Three ways Project 2025 is showing up in Trump executive orders

Three ways Project 2025 is showing up in Trump executive orders
Sen. Schumer criticized Trump's halt to federal aid, calling it "Project 2025 by another name," sparking debate.



Originally by Erin Mansfield at www.usatoday.com


President Donald Trump distanced himself from the conservative project known as Project 2025 on the campaign trail, but many policies he’s choosing to enact already align closely with it.

Project 2025, led by policy experts at the conservative Heritage Foundation, has provided the Republican presidential administration with a blueprint of policy ideas.

“President Trump and his team deserve the credit for delivering on his commitment to make America safer, stronger, and better than ever before,” said Ellen Keenan, a spokesperson for the Heritage Foundation. “We are thrilled to see President Trump follow through on so many of his campaign promises in just one week.”
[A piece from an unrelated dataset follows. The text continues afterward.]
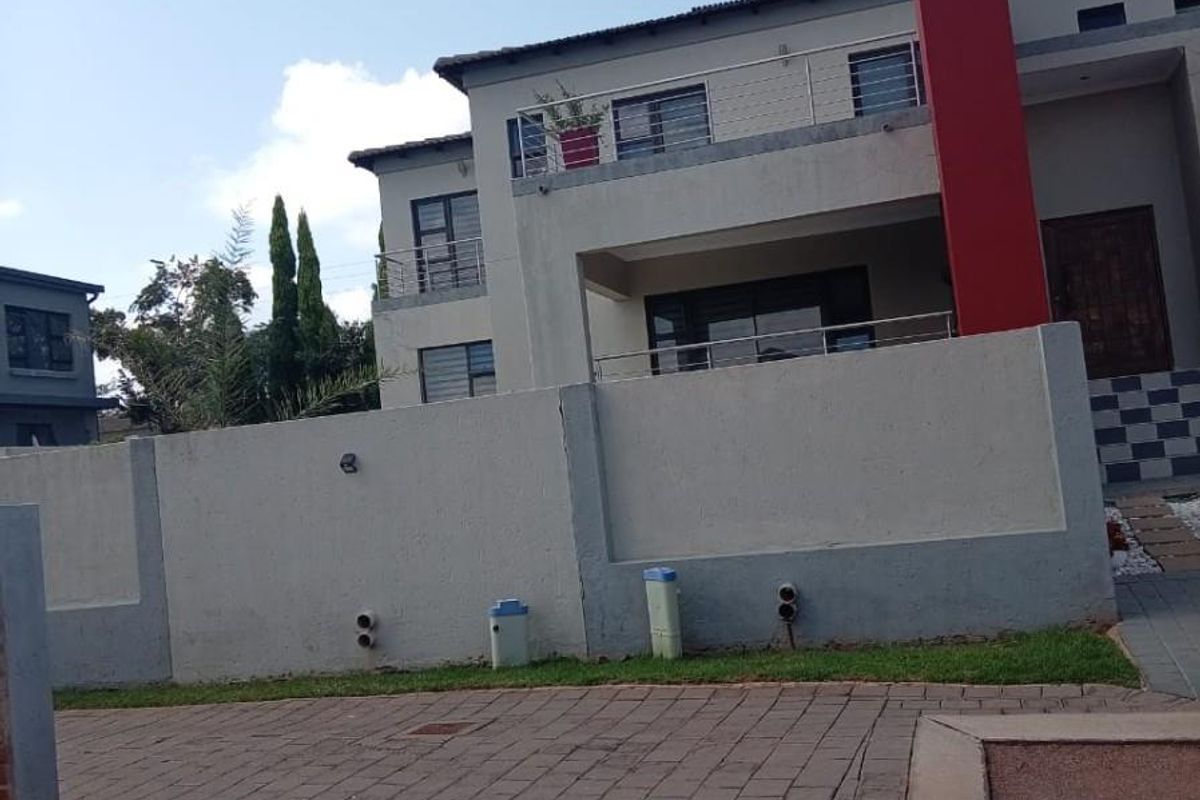 4 Bedroom House For Sale in Heron Hill Garden Estate, Boardwalk, Pretoria - Photo 3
Some of the language in Trump’s executive orders mirrors language from Project 2025. In other cases, he’s calling for the same actions that authors in Project 2025 also said the next Republican president should take.

That didn’t sit well with groups opposed to Project 2025.
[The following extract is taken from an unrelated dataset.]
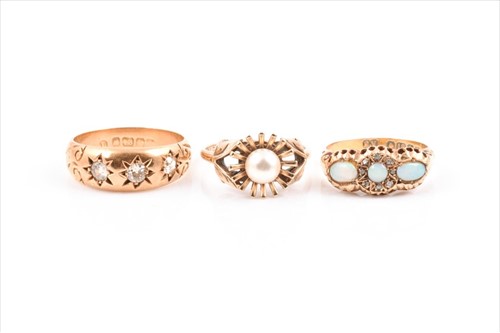 Lot 587 - A late 19th / early 20th century 18ct yellow...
“Nine days into the newest Trump administration, many of Project 2025’s wildest dreams have already even been implemented or attempts have been made to implement them,” said Cathryn Oakley, the senior policy director for the Human Rights Campaign, a left-leaning group that opposed Project 2025.  

Trump distanced himself from Project 2025 during his presidential campaign when many of its policies proved deeply unpopular with voters.

“I know nothing about Project 2025,” Trump wrote in a Truth Social post in July. “I have no idea who is behind it. I disagree with some of the things they’re saying and some of the things they’re saying are absolutely ridiculous and abysmal.”

Here are three ways Project 2025 recommendations have shown up in the Trump administration so far, and what those policies do.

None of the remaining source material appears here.